Top of Given records
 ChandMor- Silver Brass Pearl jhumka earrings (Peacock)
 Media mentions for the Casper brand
Bottom of Given records
Top of Given records
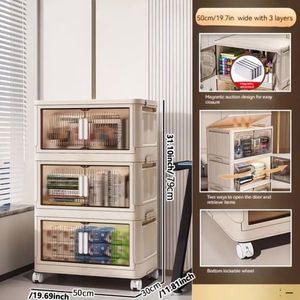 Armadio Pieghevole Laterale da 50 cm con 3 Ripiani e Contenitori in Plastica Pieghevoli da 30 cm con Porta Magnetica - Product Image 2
Bottom of Given records
Top of Given records
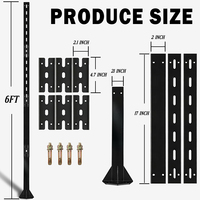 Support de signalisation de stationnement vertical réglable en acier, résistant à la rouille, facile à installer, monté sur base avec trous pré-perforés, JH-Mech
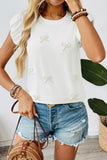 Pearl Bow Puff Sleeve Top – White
Bottom of Given records
Task requirements
Using the listing above, copy exactly the line that contains "ChandMor- Silver Brass", the line that contains "Media mentions for the Casper brand", and each line that falls between them.

Your solution
 ChandMor- Silver Brass Pearl jhumka earrings (Peacock)
 Media mentions for the Casper brand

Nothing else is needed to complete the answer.